[Stored records]
+---+

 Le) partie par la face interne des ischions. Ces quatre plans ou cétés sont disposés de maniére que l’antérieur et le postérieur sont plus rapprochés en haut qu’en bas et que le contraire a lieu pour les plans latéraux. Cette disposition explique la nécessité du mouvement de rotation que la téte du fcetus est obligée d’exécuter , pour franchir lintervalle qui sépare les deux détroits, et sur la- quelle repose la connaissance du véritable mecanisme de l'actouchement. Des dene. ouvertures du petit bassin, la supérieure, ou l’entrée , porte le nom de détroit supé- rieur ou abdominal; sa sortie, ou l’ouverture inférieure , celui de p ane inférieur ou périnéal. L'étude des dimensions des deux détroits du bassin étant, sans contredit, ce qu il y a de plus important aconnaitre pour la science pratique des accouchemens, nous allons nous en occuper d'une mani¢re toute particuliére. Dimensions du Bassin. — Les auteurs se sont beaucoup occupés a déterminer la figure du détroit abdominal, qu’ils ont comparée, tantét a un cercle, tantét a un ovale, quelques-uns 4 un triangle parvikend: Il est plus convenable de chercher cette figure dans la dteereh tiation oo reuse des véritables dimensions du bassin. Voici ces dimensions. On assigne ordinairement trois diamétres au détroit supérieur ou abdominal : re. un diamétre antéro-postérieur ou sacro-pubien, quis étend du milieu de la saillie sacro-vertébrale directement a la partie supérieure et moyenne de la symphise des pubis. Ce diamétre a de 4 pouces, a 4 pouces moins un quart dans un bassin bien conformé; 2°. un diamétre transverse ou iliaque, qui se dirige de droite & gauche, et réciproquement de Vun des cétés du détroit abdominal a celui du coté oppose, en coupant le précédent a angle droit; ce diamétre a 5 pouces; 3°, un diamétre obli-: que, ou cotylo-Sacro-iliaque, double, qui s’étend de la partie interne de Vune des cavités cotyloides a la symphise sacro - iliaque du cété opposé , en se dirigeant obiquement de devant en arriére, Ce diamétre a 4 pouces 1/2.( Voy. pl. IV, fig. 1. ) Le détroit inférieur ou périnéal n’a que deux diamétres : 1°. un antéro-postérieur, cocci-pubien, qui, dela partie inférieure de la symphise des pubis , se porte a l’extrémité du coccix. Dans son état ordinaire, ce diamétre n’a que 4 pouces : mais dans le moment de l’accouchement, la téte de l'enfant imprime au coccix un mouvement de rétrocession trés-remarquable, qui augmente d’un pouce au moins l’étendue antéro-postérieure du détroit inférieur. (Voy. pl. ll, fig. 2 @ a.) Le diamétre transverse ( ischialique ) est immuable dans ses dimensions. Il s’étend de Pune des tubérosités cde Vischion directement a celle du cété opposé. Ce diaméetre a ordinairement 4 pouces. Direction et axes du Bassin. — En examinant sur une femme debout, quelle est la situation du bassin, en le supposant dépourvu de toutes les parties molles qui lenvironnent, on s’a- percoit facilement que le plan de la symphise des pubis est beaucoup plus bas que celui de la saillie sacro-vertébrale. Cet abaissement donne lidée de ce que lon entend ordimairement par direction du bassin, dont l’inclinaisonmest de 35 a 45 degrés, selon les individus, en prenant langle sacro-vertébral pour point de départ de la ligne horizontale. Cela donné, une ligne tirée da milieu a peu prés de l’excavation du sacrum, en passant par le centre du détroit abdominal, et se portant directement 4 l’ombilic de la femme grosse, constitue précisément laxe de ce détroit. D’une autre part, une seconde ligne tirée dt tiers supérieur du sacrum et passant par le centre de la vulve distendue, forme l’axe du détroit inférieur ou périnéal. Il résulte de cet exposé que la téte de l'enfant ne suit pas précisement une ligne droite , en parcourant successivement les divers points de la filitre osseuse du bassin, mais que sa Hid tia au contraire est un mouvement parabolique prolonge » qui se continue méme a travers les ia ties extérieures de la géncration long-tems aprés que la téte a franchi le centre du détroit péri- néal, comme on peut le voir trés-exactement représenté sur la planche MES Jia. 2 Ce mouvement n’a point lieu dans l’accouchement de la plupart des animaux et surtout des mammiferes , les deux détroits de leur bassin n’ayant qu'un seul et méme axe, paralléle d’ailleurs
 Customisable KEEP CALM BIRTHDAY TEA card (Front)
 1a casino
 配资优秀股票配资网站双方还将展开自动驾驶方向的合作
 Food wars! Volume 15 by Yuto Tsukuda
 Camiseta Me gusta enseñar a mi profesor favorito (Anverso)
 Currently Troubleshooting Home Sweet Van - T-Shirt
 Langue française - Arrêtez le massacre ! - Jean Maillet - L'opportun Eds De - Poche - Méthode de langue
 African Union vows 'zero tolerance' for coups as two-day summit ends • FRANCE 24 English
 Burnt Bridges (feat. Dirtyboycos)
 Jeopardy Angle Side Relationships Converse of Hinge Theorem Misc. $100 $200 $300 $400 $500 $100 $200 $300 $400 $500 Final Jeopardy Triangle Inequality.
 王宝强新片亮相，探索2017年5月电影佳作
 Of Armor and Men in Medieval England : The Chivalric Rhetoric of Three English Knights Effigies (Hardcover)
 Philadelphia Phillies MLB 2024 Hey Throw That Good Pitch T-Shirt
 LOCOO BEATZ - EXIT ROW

+---+

#### Task description:
Starting from the line that contains "Burnt Bridges (feat. Dirtyboycos)", give again every line to the last line of the data, exactly. Include nothing else.

#### Result of this exercise:
 Burnt Bridges (feat. Dirtyboycos)
 Jeopardy Angle Side Relationships Converse of Hinge Theorem Misc. $100 $200 $300 $400 $500 $100 $200 $300 $400 $500 Final Jeopardy Triangle Inequality.
 王宝强新片亮相，探索2017年5月电影佳作
 Of Armor and Men in Medieval England : The Chivalric Rhetoric of Three English Knights Effigies (Hardcover)
 Philadelphia Phillies MLB 2024 Hey Throw That Good Pitch T-Shirt
 LOCOO BEATZ - EXIT ROW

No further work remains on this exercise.